05 July,2009 09:26 AM IST | | Alison Gibson
Gardening catches the fancy of Britain's yuppies, leading to the coinage of a new word: nyudies (new yuppie diggers)
No weekend newspaper is complete these days without a photo of some well-known person smiling over a basket or bowl of home-grown vegetables. Last week, a former rock wife, who in her youth woke up "craving a cigarette laced with heroin", enthused about the face-tingling thrill of eating freshly picked salad. Yes, you can forget handbags and shoes. The latest must-have in Britain is a vegetable patch.
The flourishing "grow your own" movement even received a royal endorsement last month when the Queen revealed her new veg plot at Buckingham Palace.

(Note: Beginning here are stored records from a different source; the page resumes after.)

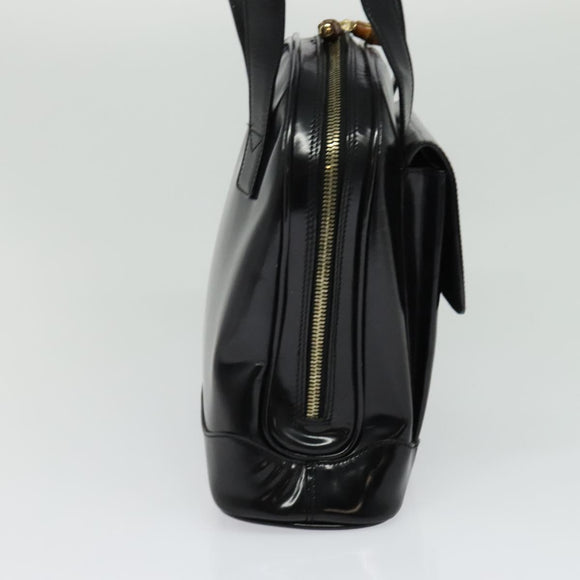 GUCCI Bamboo Shoulder Bag Enamel Black Gold Auth bs26920
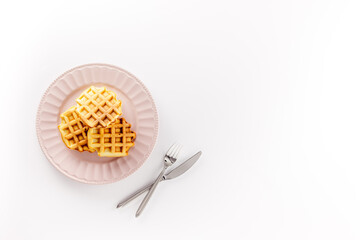 Traditional belgian waffles on white table background top view mockup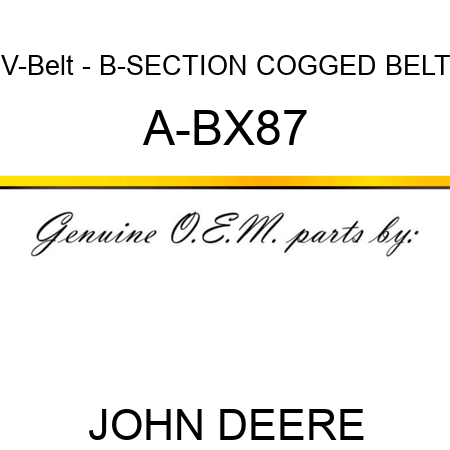 V-Belt - B-SECTION COGGED BELT A-BX87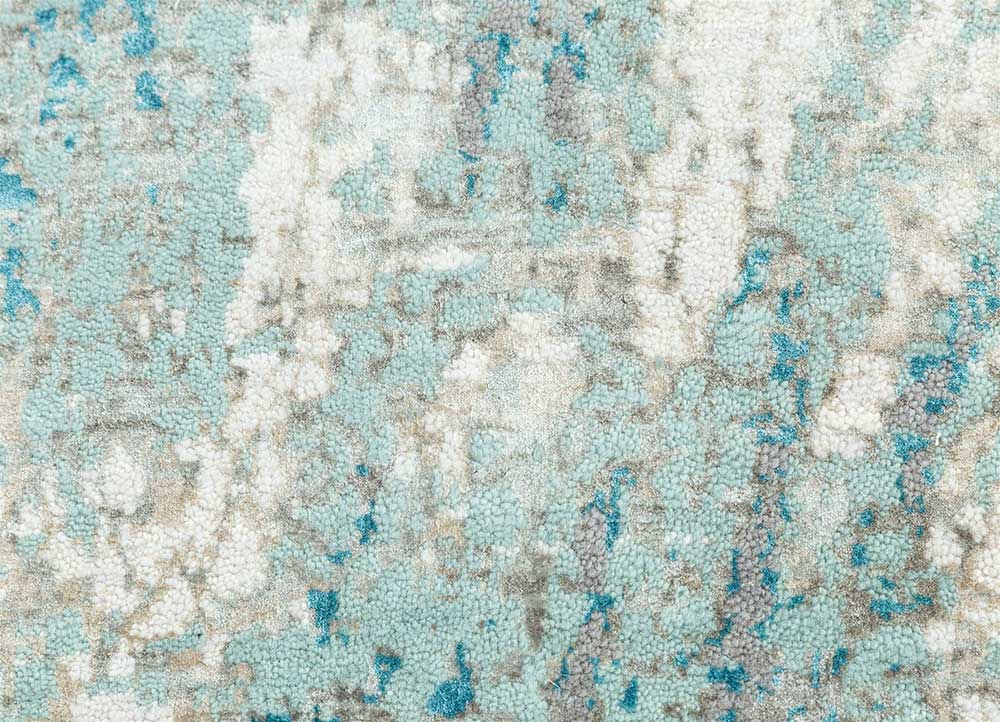 tattvam blue wool and bamboo silk Hand Knotted Rug - CloseUp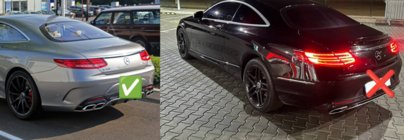 Mercedes S-class C217 Coupe 2014–2020 Zadní difuzor s koncovkami Silver (2018-2020) fotografie 4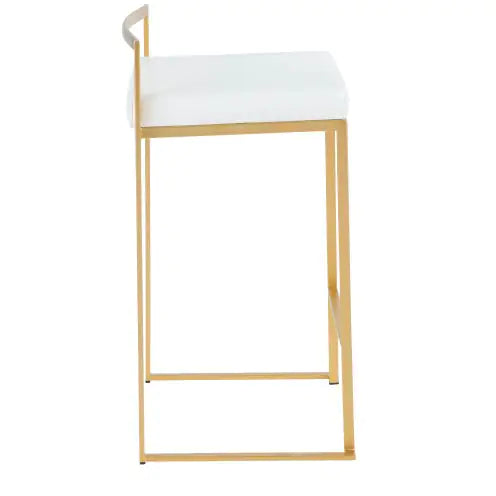 Fuji Contemporary-Glam Counter Stool – Set of 2 (Gold & White Faux Leather)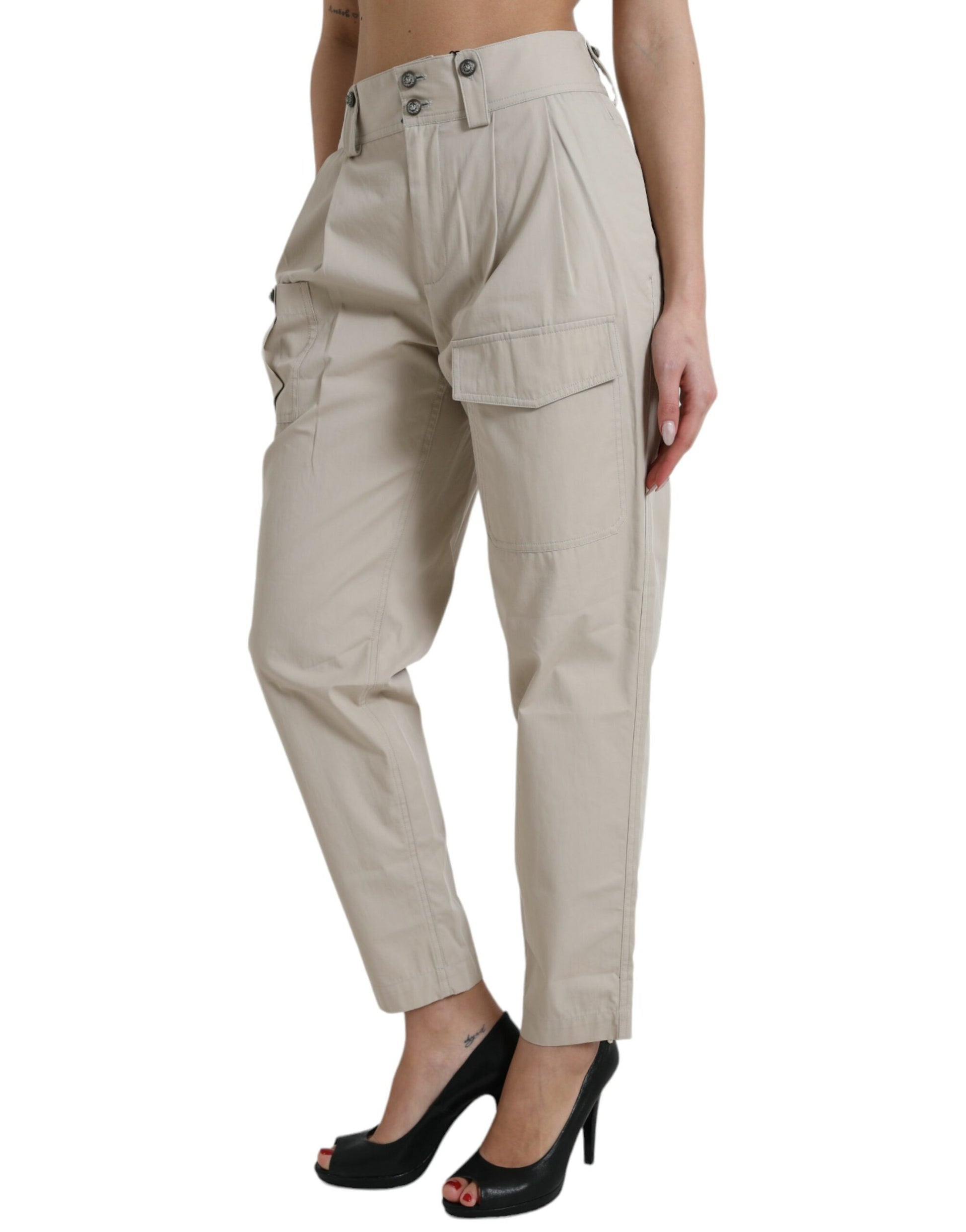 High-Waisted Tapered Fashion Pants - Beige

So, why have we all gone nuts about vegetables? Growing your own saves money, as long as you resist splashing out on gardening accessories, that is. But there's more to it than the credit crunch. Donna McDaid, of the National Society of Allotments and Leisure Gardeners (NSALG), says: "It's about health and the environment. It's about having control over your food, growing organic and saving food miles."
Francijn Suermondt, marketing coordinator at Suttons, a leading seed supplier, says that TV chefs such as Jamie Oliver and Hugh Fearnley-Whittingstall have had an influence, with their focus on healthy, home-grown food. "The world is changing," she says. "We all want to be more down to earth and enjoy the simple things."
Last year, sales of vegetable seeds overtook sales of flower seeds for the first time since the Second World War. Suttons, for example, sold 60 per cent flowers to 40 per cent vegetables five years ago but now sells 70 per cent vegetables to 30 per cent flowers.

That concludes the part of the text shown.